In diesem Kapitel kommt Bulimie vor. Ich bitte euch nur bis zu den Sternchen zu lesen, wem das zu viel ist. Emilia wird das nur einmal machen, deshalb kann man den Plot auch ohne diese Stelle verstehen ;-)


Noch immer voller Schock breche ich in Tränen aus. Ich weiß nicht einmal genau, warum. Weil Rylee so jung völlig unschuldig sterben musste? Weil ich so viel Mitleid mit Tanita empfinde? Weil ich Ungerechtigkeiten hasse? Oder weil ich die riesengroße Last auf meinen Schultern auf mich einzustürzen droht? Vermutlich aber, weil ich nie jemanden so sehr lieben konnte, dass mir dessen Verlust den Boden unter den Füßen nehmen könnte, wie es bei Tini der Fall ist?

Verweint trete ich aus der Kabine und schaue in mein schmerzverzerrtes Spiegelbild. Der Tod sitzt mir noch immer in jeder Faser meines Körpers, durchzuckt mich, wenn ich mir all die bestürzten Gesichter von heute Morgen in Erinnerung rufe. Warum ist die Welt so ungerecht?

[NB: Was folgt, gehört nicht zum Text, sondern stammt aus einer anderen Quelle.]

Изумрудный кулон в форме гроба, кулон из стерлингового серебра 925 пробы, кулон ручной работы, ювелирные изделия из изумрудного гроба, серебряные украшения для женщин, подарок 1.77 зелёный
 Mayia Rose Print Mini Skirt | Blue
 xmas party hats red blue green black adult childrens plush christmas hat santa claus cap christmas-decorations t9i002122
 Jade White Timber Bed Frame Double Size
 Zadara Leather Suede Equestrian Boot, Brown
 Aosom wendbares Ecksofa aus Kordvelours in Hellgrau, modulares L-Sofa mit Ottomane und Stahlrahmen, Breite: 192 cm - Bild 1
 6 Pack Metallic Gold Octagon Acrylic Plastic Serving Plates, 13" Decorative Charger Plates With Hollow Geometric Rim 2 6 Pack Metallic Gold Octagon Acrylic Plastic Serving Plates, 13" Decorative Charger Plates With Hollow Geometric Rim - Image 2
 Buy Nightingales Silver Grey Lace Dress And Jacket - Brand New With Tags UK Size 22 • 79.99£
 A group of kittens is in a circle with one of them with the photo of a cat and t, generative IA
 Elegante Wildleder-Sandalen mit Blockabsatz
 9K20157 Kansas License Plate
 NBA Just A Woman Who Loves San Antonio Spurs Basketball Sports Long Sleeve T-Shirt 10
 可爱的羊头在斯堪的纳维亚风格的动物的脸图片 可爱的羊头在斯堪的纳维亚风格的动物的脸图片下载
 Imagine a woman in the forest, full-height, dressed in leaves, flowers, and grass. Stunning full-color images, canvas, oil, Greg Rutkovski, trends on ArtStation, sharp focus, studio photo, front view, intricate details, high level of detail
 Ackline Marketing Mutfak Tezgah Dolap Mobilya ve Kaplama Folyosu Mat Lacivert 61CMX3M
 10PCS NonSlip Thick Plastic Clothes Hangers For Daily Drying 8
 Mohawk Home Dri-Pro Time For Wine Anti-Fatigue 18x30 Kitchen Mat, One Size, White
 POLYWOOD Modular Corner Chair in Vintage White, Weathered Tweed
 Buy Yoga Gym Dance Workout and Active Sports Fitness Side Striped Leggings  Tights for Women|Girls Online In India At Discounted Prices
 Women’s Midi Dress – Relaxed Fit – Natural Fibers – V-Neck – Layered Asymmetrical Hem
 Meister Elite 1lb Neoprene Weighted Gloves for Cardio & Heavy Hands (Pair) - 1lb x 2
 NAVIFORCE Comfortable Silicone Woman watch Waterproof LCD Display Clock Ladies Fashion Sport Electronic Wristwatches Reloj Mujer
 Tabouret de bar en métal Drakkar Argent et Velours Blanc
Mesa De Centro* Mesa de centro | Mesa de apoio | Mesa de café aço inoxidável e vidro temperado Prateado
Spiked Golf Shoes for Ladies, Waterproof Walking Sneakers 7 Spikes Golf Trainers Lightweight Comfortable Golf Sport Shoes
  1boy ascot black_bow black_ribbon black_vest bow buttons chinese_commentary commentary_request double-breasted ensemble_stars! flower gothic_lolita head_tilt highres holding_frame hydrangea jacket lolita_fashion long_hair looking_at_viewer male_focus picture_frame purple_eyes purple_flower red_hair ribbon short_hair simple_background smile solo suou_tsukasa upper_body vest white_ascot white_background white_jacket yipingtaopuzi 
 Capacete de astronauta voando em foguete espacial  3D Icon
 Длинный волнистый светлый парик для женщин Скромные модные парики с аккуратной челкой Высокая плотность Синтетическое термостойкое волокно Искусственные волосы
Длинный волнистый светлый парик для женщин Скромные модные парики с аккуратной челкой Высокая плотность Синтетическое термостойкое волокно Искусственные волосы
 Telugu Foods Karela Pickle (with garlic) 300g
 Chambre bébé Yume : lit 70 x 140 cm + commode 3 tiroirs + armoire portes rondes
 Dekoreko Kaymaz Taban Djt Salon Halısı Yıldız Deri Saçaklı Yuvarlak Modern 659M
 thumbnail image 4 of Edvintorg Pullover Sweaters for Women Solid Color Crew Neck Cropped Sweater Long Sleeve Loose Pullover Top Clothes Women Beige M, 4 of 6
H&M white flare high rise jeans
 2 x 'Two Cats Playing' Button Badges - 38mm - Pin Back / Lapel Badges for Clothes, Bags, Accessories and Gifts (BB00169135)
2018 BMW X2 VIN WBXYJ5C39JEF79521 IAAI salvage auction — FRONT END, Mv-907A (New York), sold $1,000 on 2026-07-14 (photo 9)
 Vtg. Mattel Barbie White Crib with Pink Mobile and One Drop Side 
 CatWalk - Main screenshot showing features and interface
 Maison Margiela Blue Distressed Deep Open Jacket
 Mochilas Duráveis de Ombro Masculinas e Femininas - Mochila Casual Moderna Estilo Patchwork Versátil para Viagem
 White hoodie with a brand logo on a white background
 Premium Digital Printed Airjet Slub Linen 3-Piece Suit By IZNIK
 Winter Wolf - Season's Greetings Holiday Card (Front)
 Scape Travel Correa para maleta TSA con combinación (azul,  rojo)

Am Nachmittag habe ich mein „Kreatives Schreiben"-Seminar. Unser Professor hat anscheinend spontan umdisponiert. Jedenfalls kann ich mir beim besten Willen nicht vorstellen, dass auch die Studierenden vor mir als Aufgabe bekamen, einen Nachruf auf eine fiktive Person zu schreiben.

„Sag mal, hakts bei Ihnen? Das mach ich nicht! Das können Sie nicht von uns verlangen."

Völlig aufgebracht springt das Mädchen mit den rotgefärbten Haaren neben mir auf und schreit wutentbrannt auf den Professor ein, der scheinbar mit solchen Reaktionen gerechnet hat, denn er bleibt völlig unberührt von ihrer Schimpftirade die Ruhe selbst.

„Wenn Sie sich dann wieder beruhigt haben, würde ich gerne fortfahren. Beim Schreiben von Nachrufen ist es wichtig, dass man seine Gefühle außen vorlässt. Ein Nachruf handelt nicht vom Tod, von der Trauer oder der Wut über den Tod. Ein Nachruf ist das genaue Gegenteil, denn er handelt vom Leben. Man schreibt dabei über das Leben eines Verstorbenen und das möglichst realitätsnah. Man braucht niemanden durch den Dreck ziehen, ebenso wenig ist es aber zielführend, die schlechten Seiten des Verstorbenen zu kaschieren."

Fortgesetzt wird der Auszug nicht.